Exhibit (a)(6)
ARTICLES OF TRANSFER
between
GLOBAL/INTERNATIONAL FUND, INC.
(a Maryland Corporation)
and
XXXXXXX INTERNATIONAL RESEARCH FUND, INC.
(a Maryland Corporation)
These Articles of Transfer are entered into this 18th day of June 2001,
by and between Global/International Fund, Inc., a Maryland corporation (which is
hereinafter call the "Transferor"), and Xxxxxxx International Research Fund,
Inc. (f/k/a Xxxxxx Global/International Fund, Inc.), a Maryland corporation
(which is hereinafter called the "Transferee").
THIS IS TO CERTIFY TO THE STATE DEPARTMENT OF ASSESSMENTS AND TAXATION
OF MARYLAND THAT:
FIRST: The Transferor agrees to sell, assign and transfer to Transferee
all the property and assets of the Transferor that is allocated to the Xxxxxx
Global Blue Chip Fund series of the Transferor's capital stock, as hereafter set
forth.
SECOND: The name and place of incorporation of each entity which is a
party to these Articles of Transfer are as follows:
Transferor is Global/International Fund, Inc. The Transferor is a
corporation organized under the laws of the State of Maryland.
Transferee is Xxxxxxx International Research Fund, Inc. (f/k/a Xxxxxx
Global/International Series, Inc.). The Transferee is a corporation organized
under the laws of the State of Maryland.
THIRD: The name, address and principal place of business of the
Transferee is: Global/International Fund, Inc., c/o The Corporation Trust
Incorporated, 000 Xxxx Xxxxxxx Xxxxxx, Xxxxxxxxx, Xxxxxxxx 00000.
FOURTH: The principal office of the Transferor in the State of Maryland
is in Baltimore City. The principal office of the Transferee in the State of
Maryland is in Baltimore City. Neither the Transferor nor the Transferee owns
any interest in real property in this State.

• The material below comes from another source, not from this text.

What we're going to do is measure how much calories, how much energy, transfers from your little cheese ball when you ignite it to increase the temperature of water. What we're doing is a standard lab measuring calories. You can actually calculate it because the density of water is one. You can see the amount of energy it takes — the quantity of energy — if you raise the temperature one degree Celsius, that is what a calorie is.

FIFTH: The nature and amount of the consideration to be paid,
transferred or issued by the Transferee for the Transferred Assets (as
hereinafter defined) shall be as follows:
Transferee will issue to Transferor that number of full and fractional
Class A, Class B or Class C shares of the Global Fund series of the Transferee's
capital stock determined by dividing the value of the Transferred Assets net of
any liabilities that are allocated to the Xxxxxx Global Blue Chip Fund series of
the Transferor's capital stock with respect to each of the Class A, Class B and
Class C shares of the Xxxxxx Global Blue Chip Fund, by the net asset value of
one corresponding share (i.e., Class A to Class A, Class B to Class B, and Class
C to Class C) of the Global Fund series of the Transferee's capital stock;
provided, however, in the event that there are no Class A, Class B and/or Class
C shares of the Global Fund series issued and outstanding at the time set for
valuing the Transferred Assets, then the net asset value of the applicable
corresponding share (Class A, Class B and/or Class C of the Global Fund series)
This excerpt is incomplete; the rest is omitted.